§ **What you should do**
Please reproduce exactly, and only, the lines from the one with "Гел лак NailUP Розов еднорог 6 мл" through the last line of the listing below, both ends included, leaving out the pictures.

━━━━━━━━

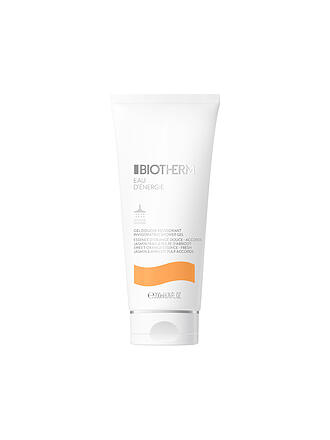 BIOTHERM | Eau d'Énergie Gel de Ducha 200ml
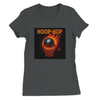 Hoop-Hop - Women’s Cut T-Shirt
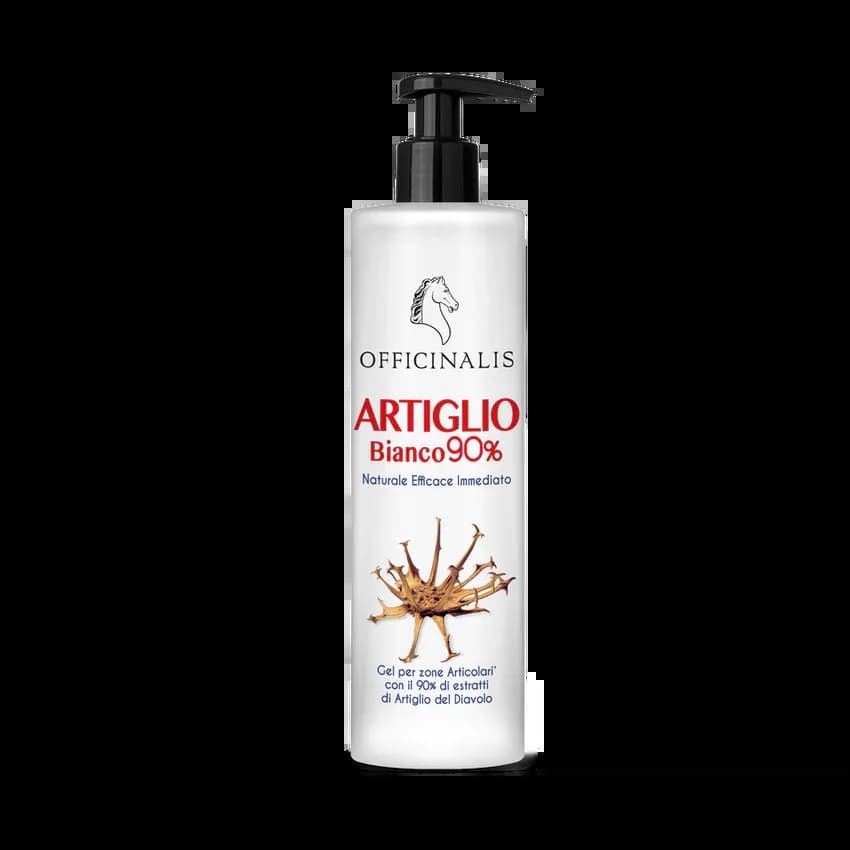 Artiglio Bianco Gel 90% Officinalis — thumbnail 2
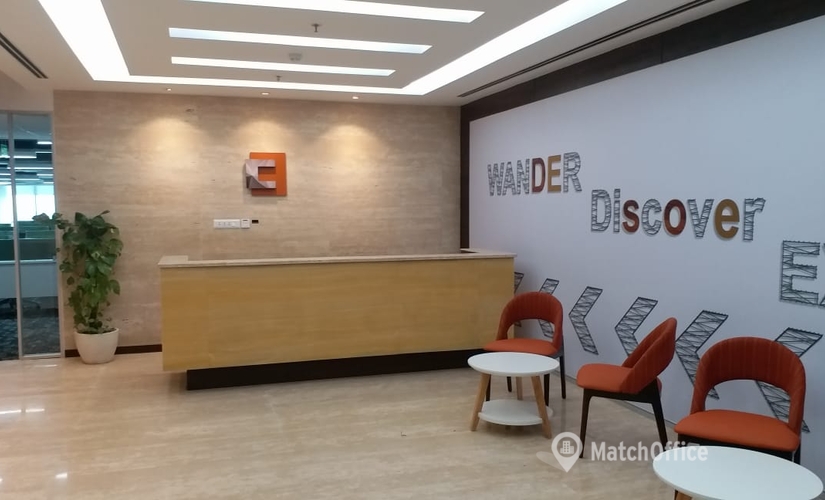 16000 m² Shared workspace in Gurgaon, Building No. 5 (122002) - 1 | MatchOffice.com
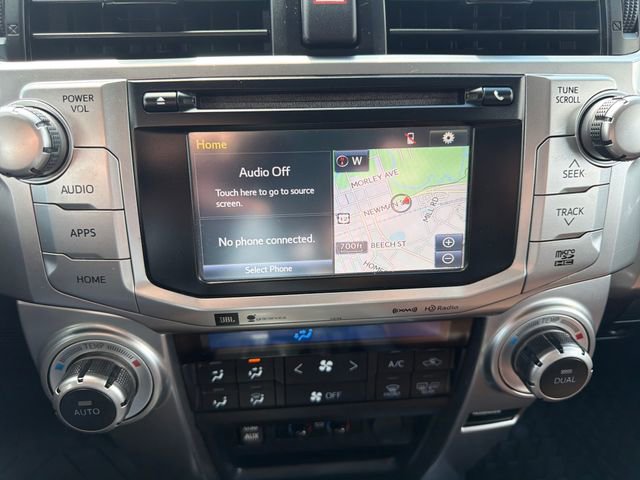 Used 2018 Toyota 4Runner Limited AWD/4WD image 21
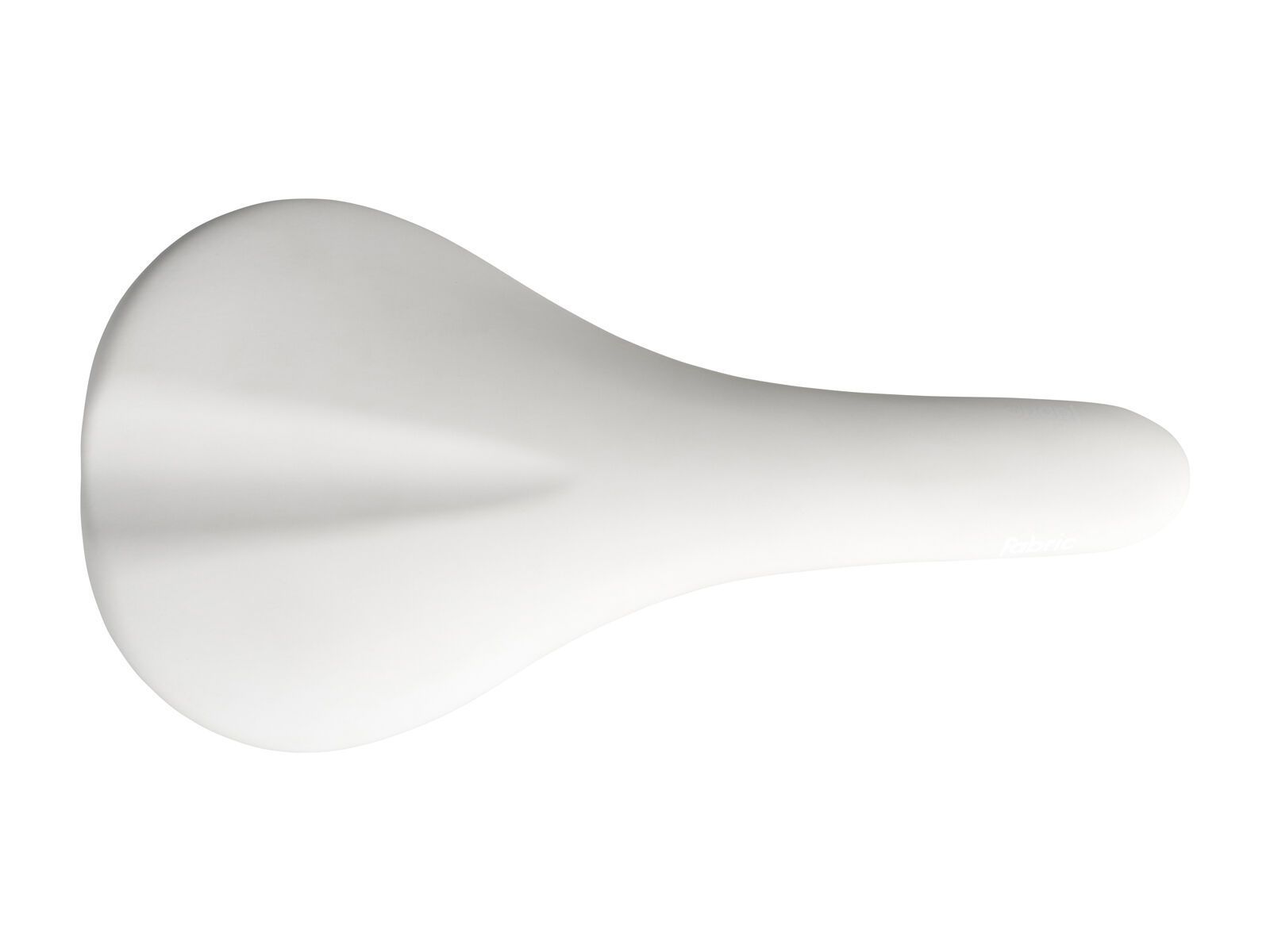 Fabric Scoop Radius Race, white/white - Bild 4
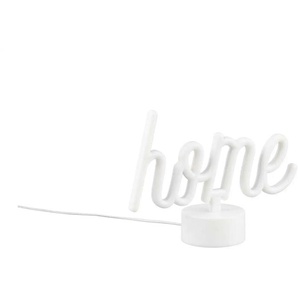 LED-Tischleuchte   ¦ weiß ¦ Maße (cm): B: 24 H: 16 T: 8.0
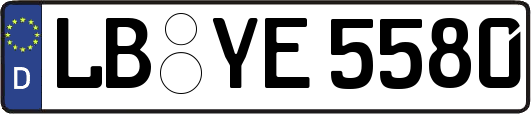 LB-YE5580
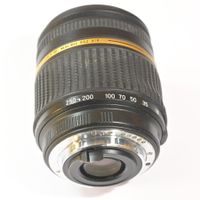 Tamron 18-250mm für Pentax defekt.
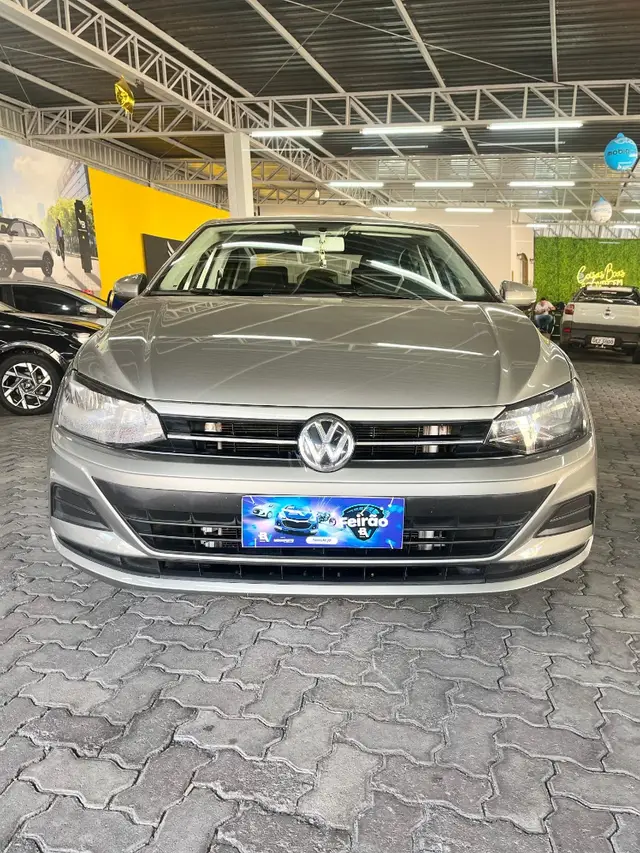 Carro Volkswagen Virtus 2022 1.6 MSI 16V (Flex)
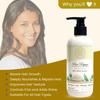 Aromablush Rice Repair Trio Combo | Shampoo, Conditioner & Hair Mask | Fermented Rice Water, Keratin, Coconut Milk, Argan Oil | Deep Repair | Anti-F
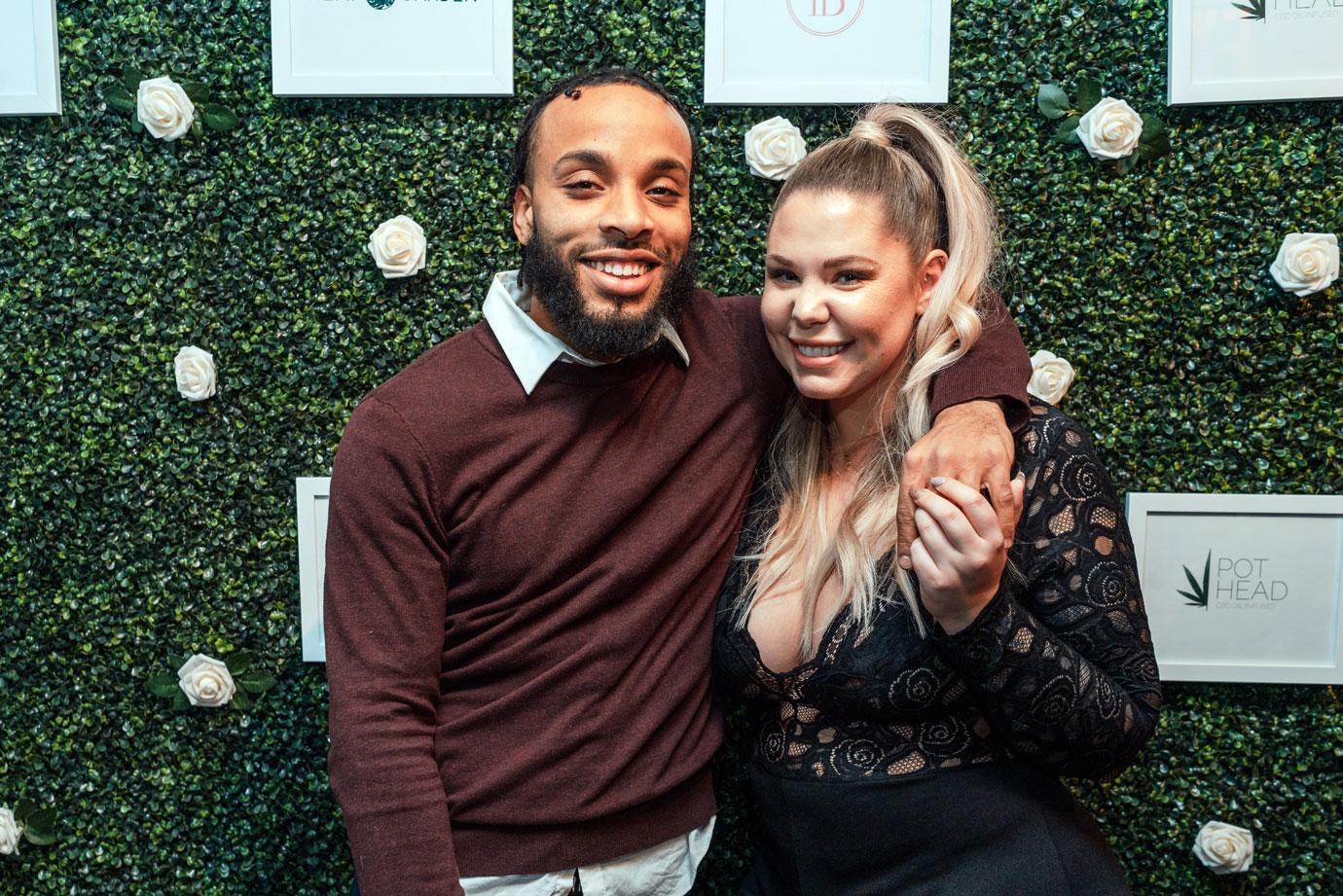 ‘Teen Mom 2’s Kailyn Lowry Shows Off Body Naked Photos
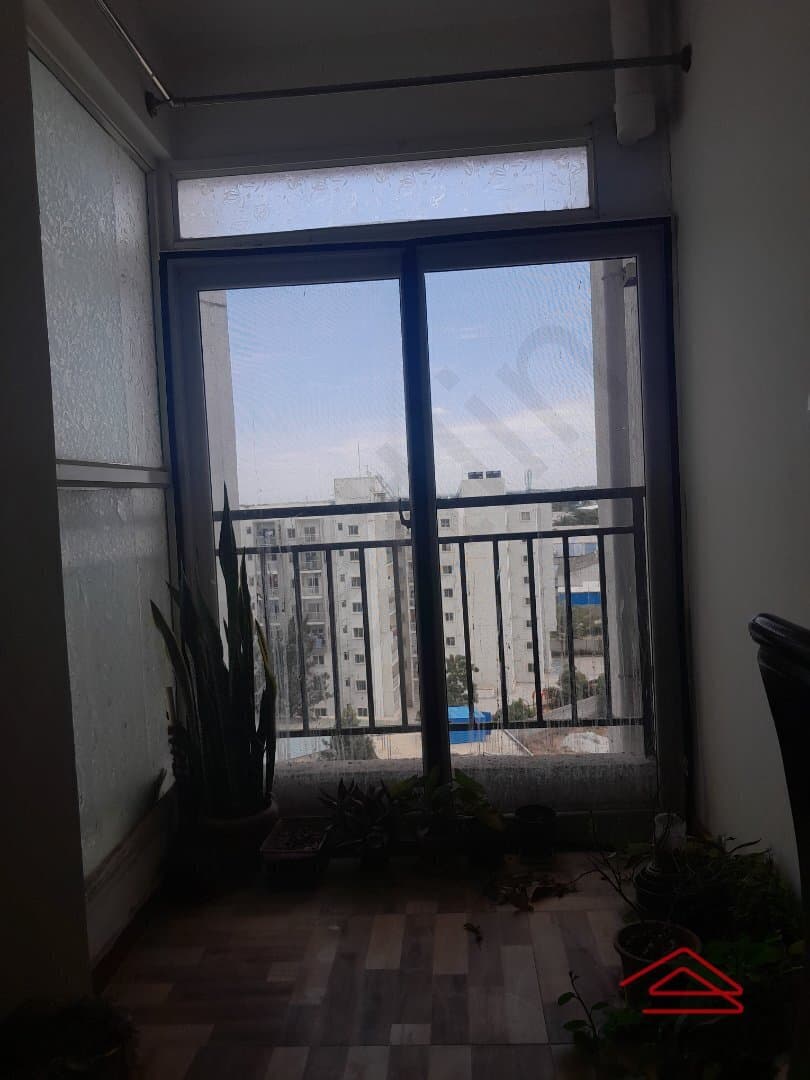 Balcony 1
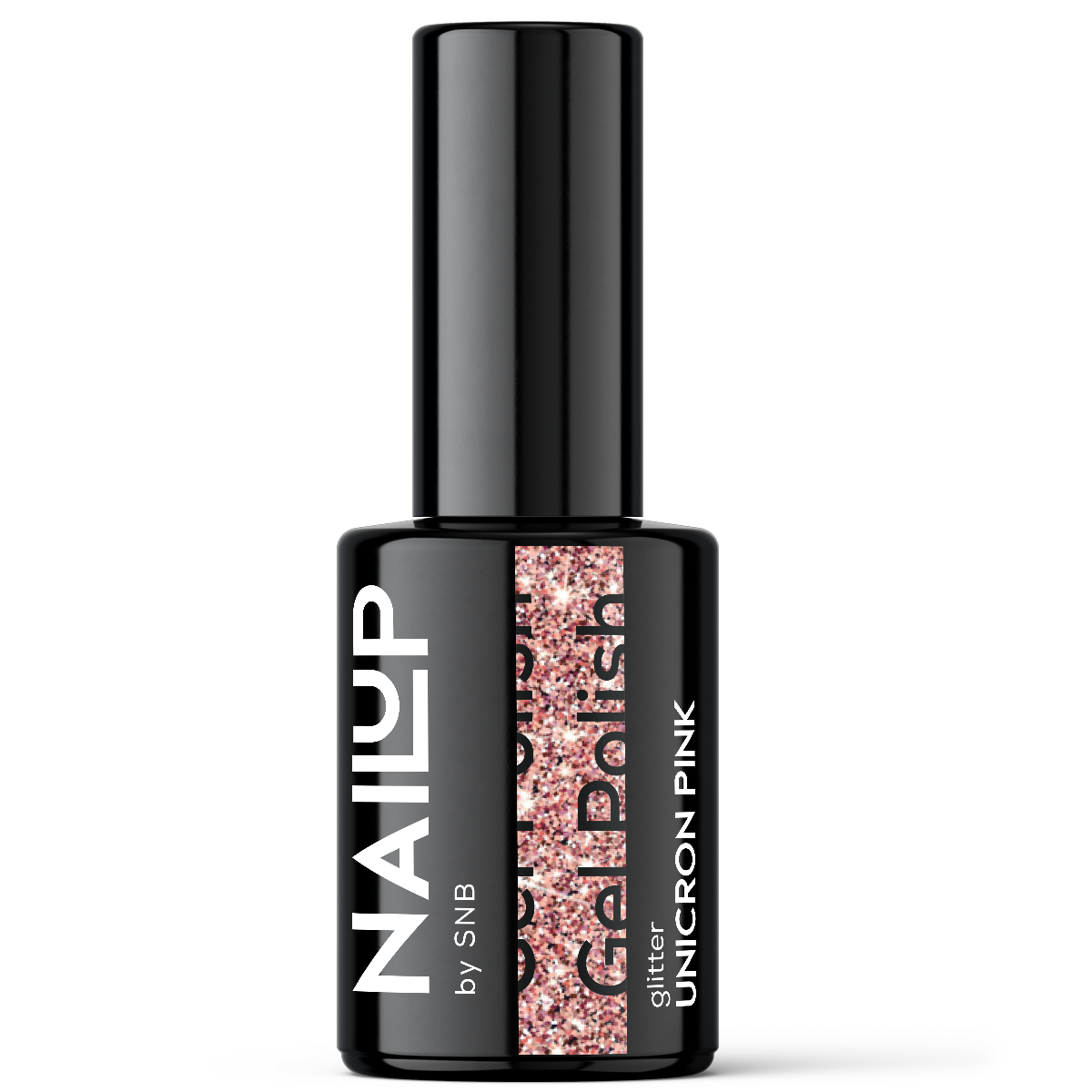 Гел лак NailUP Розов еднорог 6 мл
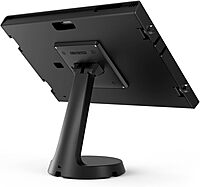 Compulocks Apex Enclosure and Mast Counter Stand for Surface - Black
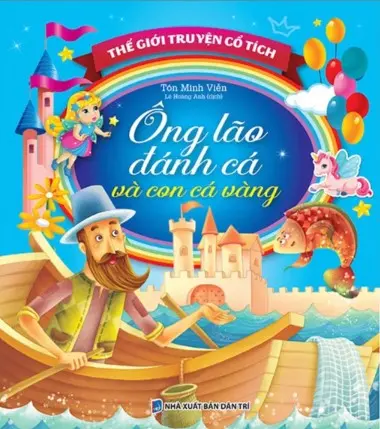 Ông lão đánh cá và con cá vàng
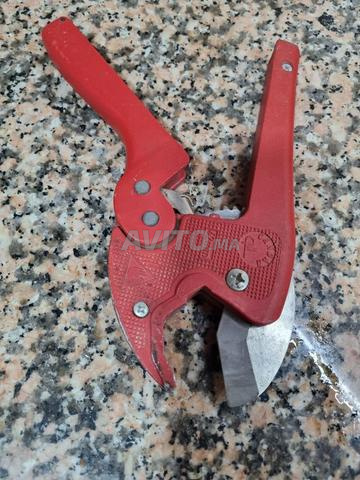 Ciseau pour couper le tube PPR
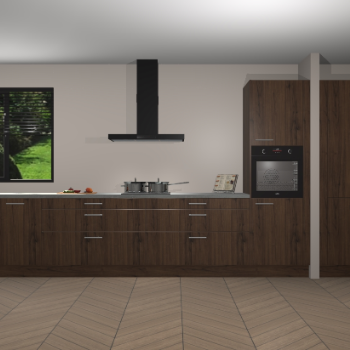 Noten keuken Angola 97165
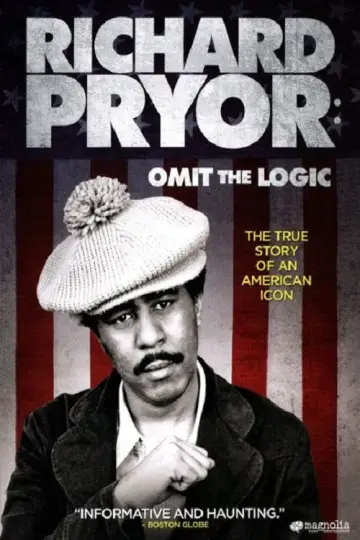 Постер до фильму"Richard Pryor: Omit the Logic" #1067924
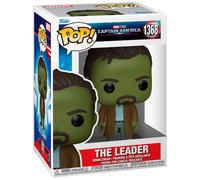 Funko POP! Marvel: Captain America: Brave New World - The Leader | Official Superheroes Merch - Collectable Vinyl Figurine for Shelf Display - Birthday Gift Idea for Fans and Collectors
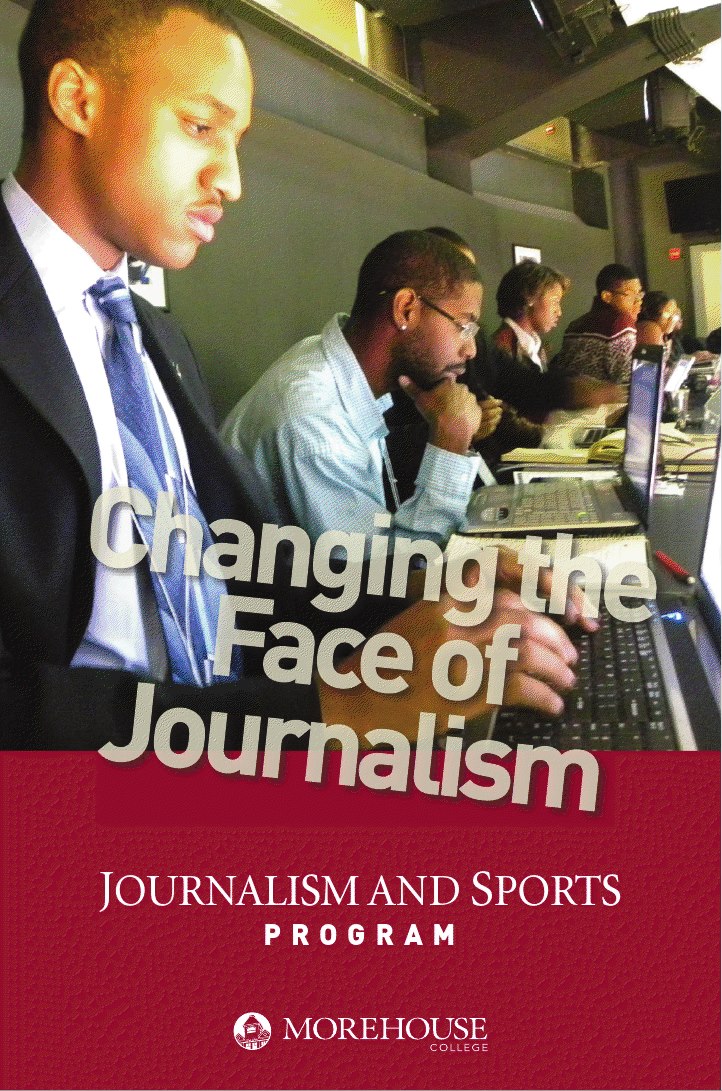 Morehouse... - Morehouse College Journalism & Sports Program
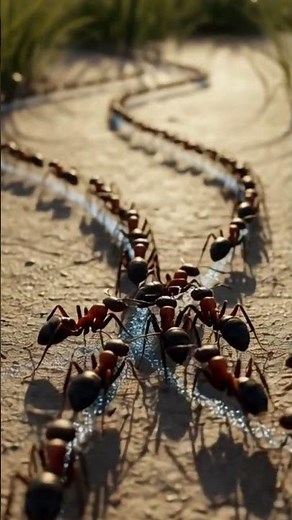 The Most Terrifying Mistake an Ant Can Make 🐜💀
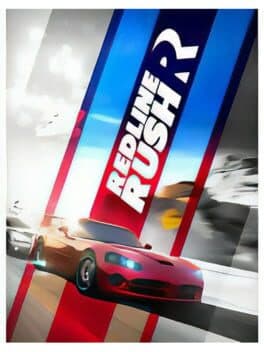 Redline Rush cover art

━━━━━━━━

§ **Solution to the exercise**
 Гел лак NailUP Розов еднорог 6 мл
 Compulocks Apex Enclosure and Mast Counter Stand for Surface - Black
 Ông lão đánh cá và con cá vàng
 Ciseau pour couper le tube PPR
 Noten keuken Angola 97165
 Постер до фильму"Richard Pryor: Omit the Logic" #1067924
 Funko POP! Marvel: Captain America: Brave New World - The Leader | Official Superheroes Merch - Collectable Vinyl Figurine for Shelf Display - Birthday Gift Idea for Fans and Collectors
 Morehouse... - Morehouse College Journalism & Sports Program
 The Most Terrifying Mistake an Ant Can Make 🐜💀
 Redline Rush cover art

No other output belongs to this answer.